Please output exactly the lines from the one that holds "Hotel Villa Liberty" through the final line of the data, and nothing else; leave out any pictures.

(Brief descriptive captions)
-- Opening Marker --

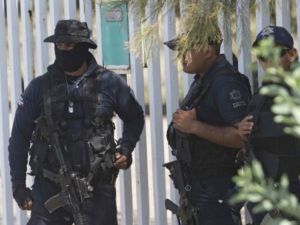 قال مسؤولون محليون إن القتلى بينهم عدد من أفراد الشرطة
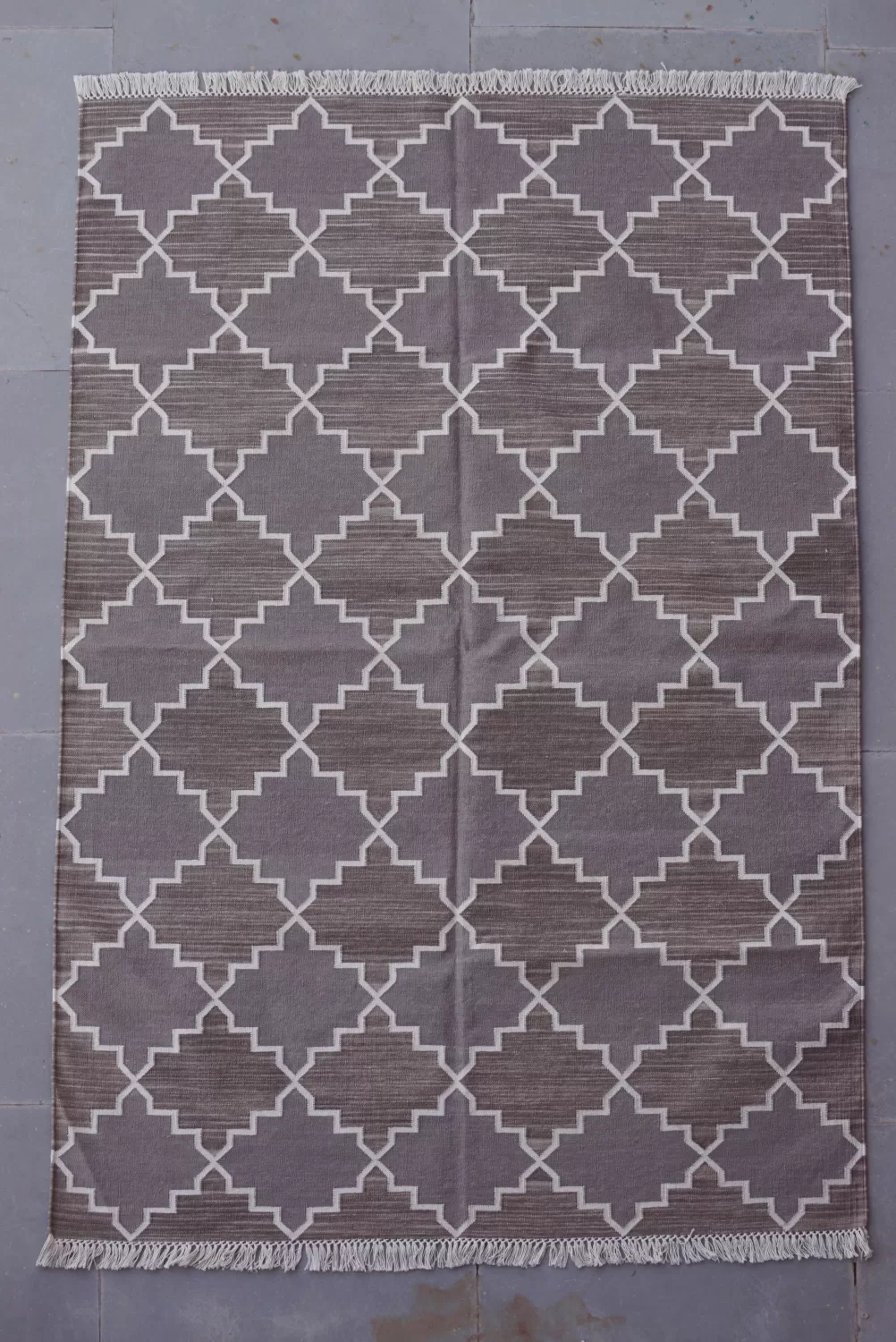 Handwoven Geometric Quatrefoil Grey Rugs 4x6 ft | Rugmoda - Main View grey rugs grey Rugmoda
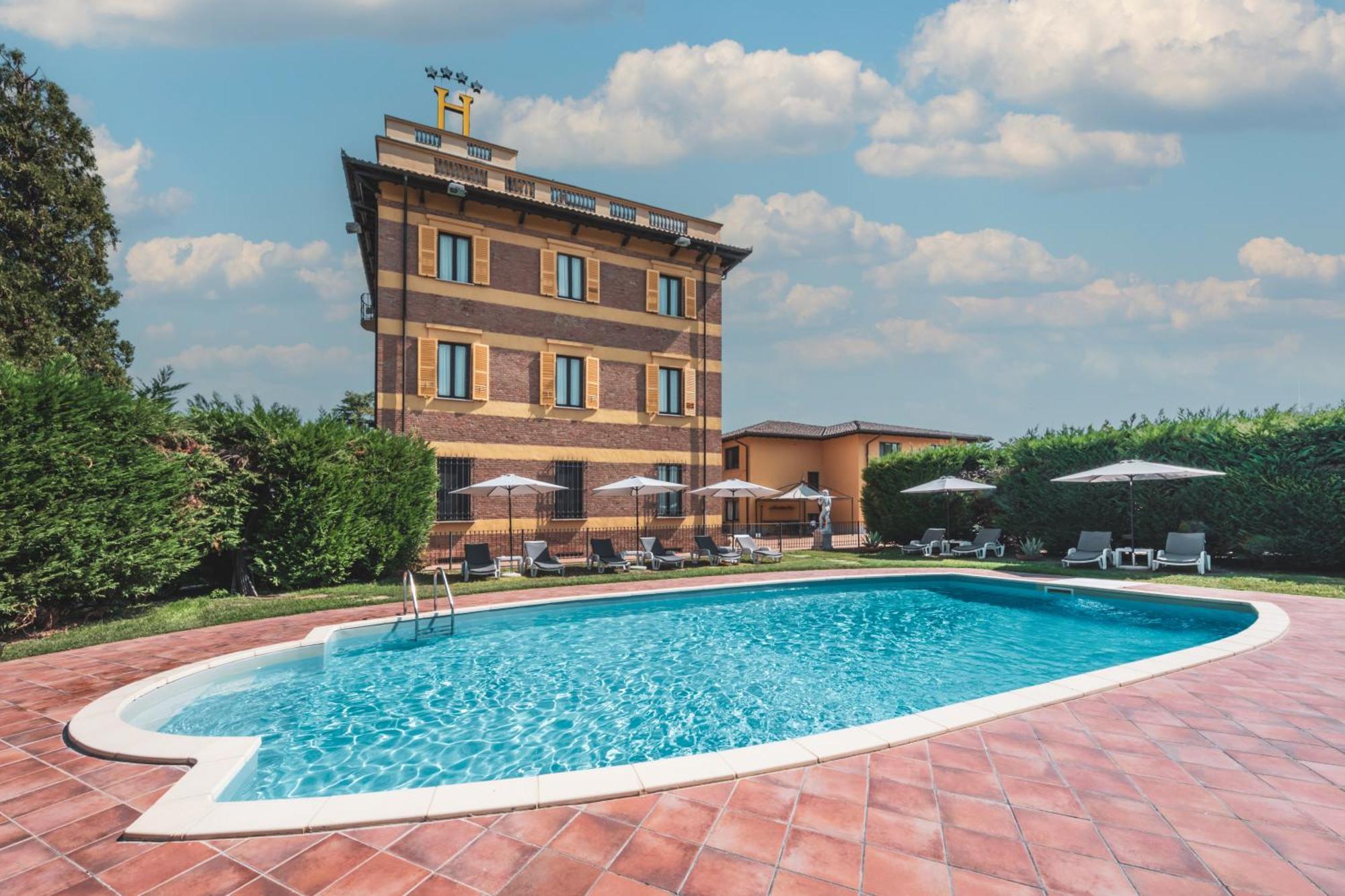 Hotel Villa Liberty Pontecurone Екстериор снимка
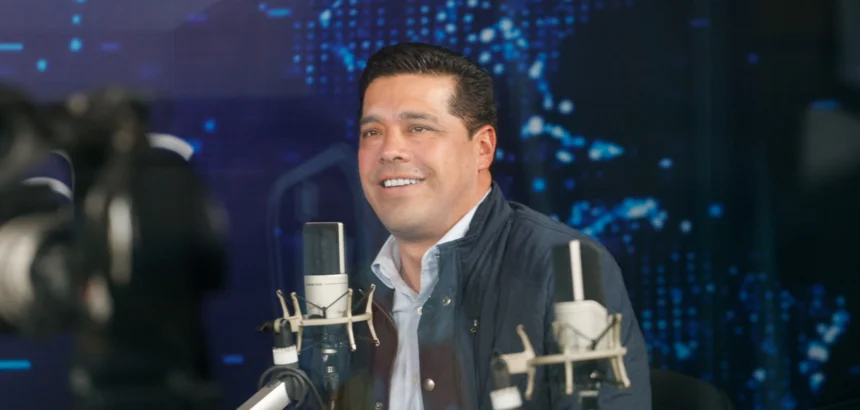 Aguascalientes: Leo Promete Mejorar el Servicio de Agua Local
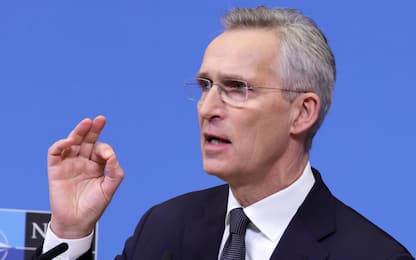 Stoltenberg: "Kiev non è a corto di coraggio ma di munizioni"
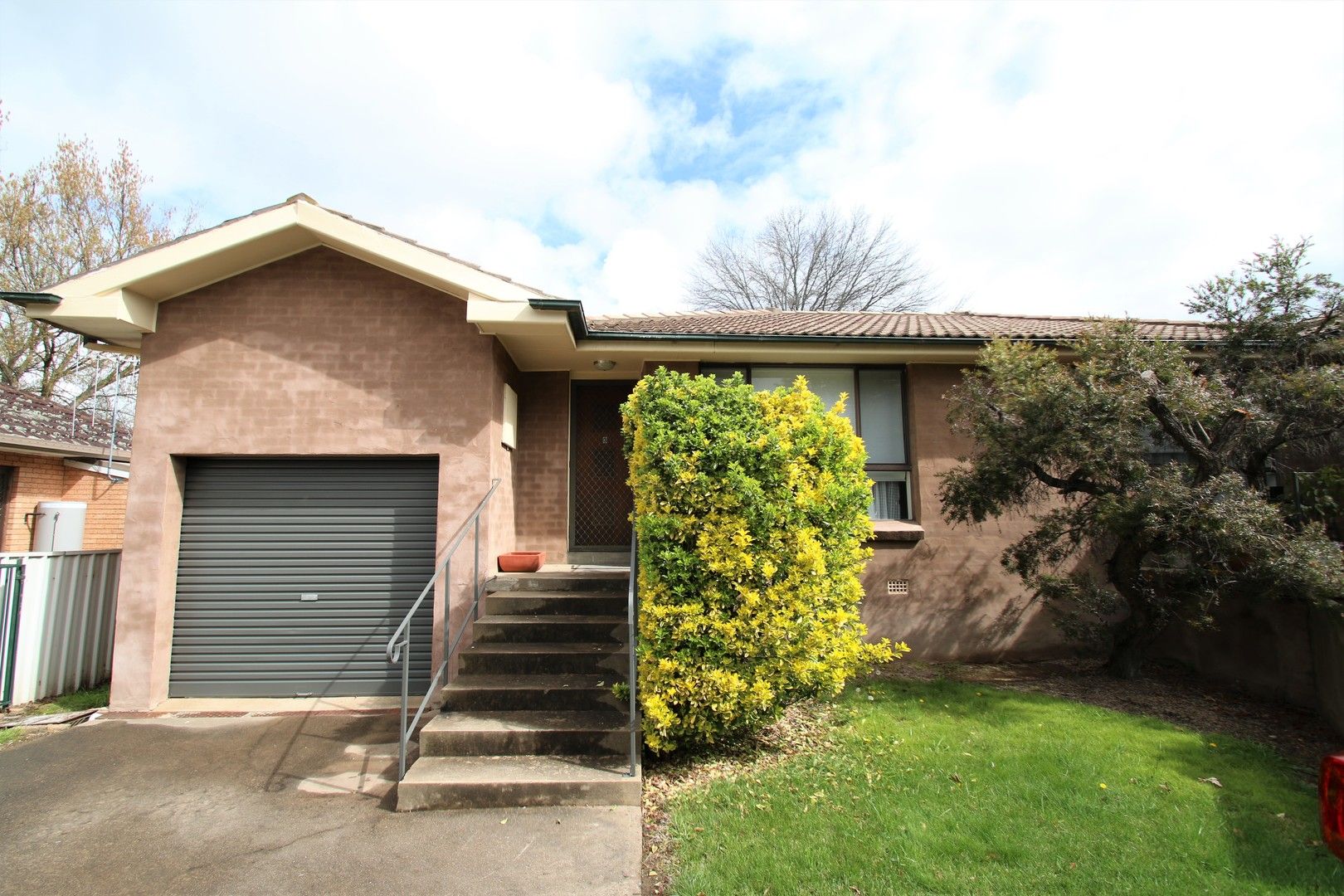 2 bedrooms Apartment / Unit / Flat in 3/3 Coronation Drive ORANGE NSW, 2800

-- Closing Marker --

* _OUTPUT FOR THIS TASK_:
 Hotel Villa Liberty Pontecurone Екстериор снимка
 Aguascalientes: Leo Promete Mejorar el Servicio de Agua Local
 Stoltenberg: "Kiev non è a corto di coraggio ma di munizioni"
 2 bedrooms Apartment / Unit / Flat in 3/3 Coronation Drive ORANGE NSW, 2800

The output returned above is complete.